The next week I got the bug in my head to do something a little different and turn the spotlight onto the independent web animation scene. (I was v much a newgrounds kid lol.) I got very excited writing that one up, and I am glad I got to introduce ppl to some of my fave web animators like vewn and gooseworx (and! in turn! have mogs show me jonni phillips!). That one really launched the trend of well, writing up a big effortpost for each Animation Night. (I returned to web animation a few weeks ago for night 48, to catch up on the newest films by those same people… and visit a few more.)
The next Animation Night was also an experiment. I adore the film Puella Magi Madoka Magica: Rebellion, but it requires the context of the series or else the compilation films… so I decided to do what seemed very ambitious at that point, and watch the whole film trilogy in one night. Which paid off really well, I think! The format worked and hopefully I got at least a few people hooked on Gen Urobuchi’s whole thing.

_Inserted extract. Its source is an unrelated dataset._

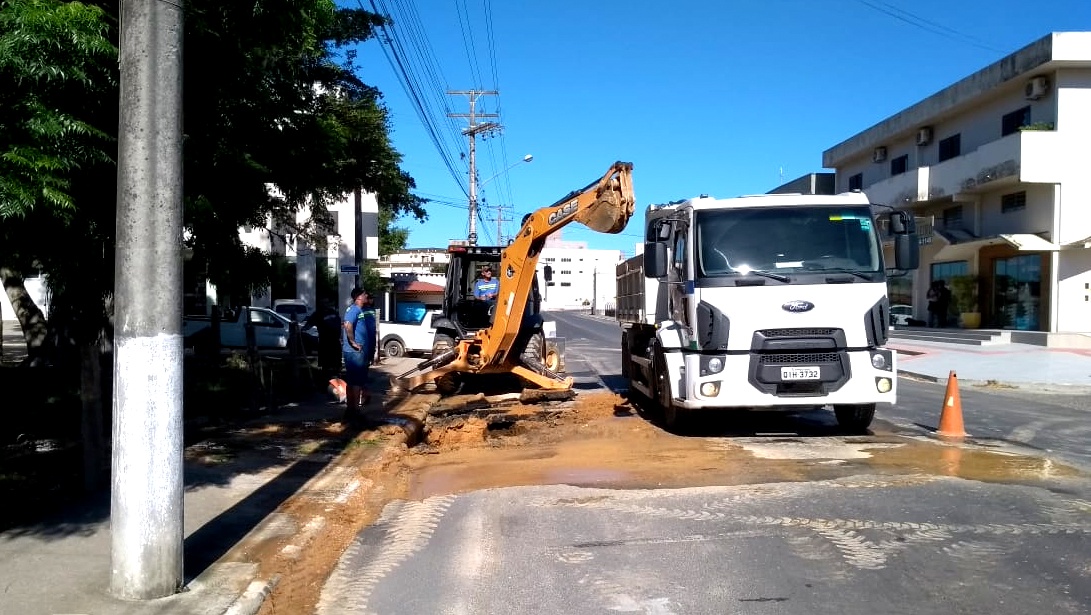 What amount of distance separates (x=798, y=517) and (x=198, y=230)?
5.67 meters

Auteur time: I get really into sakugablog
With the next block - and honestly, pretty much ever since - I started to use Animation Nights to focus on a particular director. Of course this is theoretically questionable: an animated film is the work of an enormous team of people, and while some films like those of Miyazaki may have an overbearing creator who insists on determining every aspect of the final production, you really can’t act like everything about a film sprung from the mind of one person. But it still makes for a good framing device!
FIrst up we encountered the endlessly varied creations of Masaaki Yuasa, who remains one of my favourite creators. Night Is Short Walk On Girl was another one that snuck up on me: a constantly surprising, charming, energetic film. We were, by contrast, disappointed by Mind Game, although I do feel like I should probably give it another look in a different frame of mind. And Devilman Crybaby hit like it always did. We returned to Yuasa later on night 28, and he continued to charm with films like Lu Over The Wall.
Next up I did Naoka Yamada, one of the really great directors. Koe no Katachi is another favourite film I was really hoping to share with everyone: dealing with quite a challenging set of films with both the care and emotional intensity it needs, backed by the incredible animators cultivated by KyoAni over the years.
This was probably the first writeup to lean mostly on sakugablog lol. It was hard not to be caught up in the obvious enthusiasm of kVin, the site admin of Sakugabooru, or appreciate how much effort he’d put into contextualising KyoAni’s history and Yamada’s particular directing style. Sakugabooru is an amazing site just as a database of animation, but I’ve gotten maybe even more appreciative of kVin’s improbably well-informed writeups of trends and artists… I guess I have full on become a ‘sakuga fan’ this last year lol.
Estabishing the pattern of ‘2 weeks anime, one week everywhere else’, the next week I did one of Irish studio Cartoon Saloon and directors like Tomm Moore. When they’re in their home territory of Irish mythology, Cartoon Saloon deserve all the praise that is heaped on them: they have such an unbelievably rich sense of shot composition and strong visual library of medieval art and celtic designs, gorgeous music, really delightful character animation… and while they made a few missteps (like the monks in Kells), their Ireland-set films have only gotten more refined from The Secret of Kells up to the recent Wolfwalkers (night 49, a welcome antidote to the disastrous Klaus). Sadly, their attempt to apply the formula outside of Ireland with The Breadwinner fell into a bunch of crude stereotypes and even outright pro-invasion narratives - all the more disappointing for contrast with the much more informed and subtle hand of Persepolis a few weeks earlier.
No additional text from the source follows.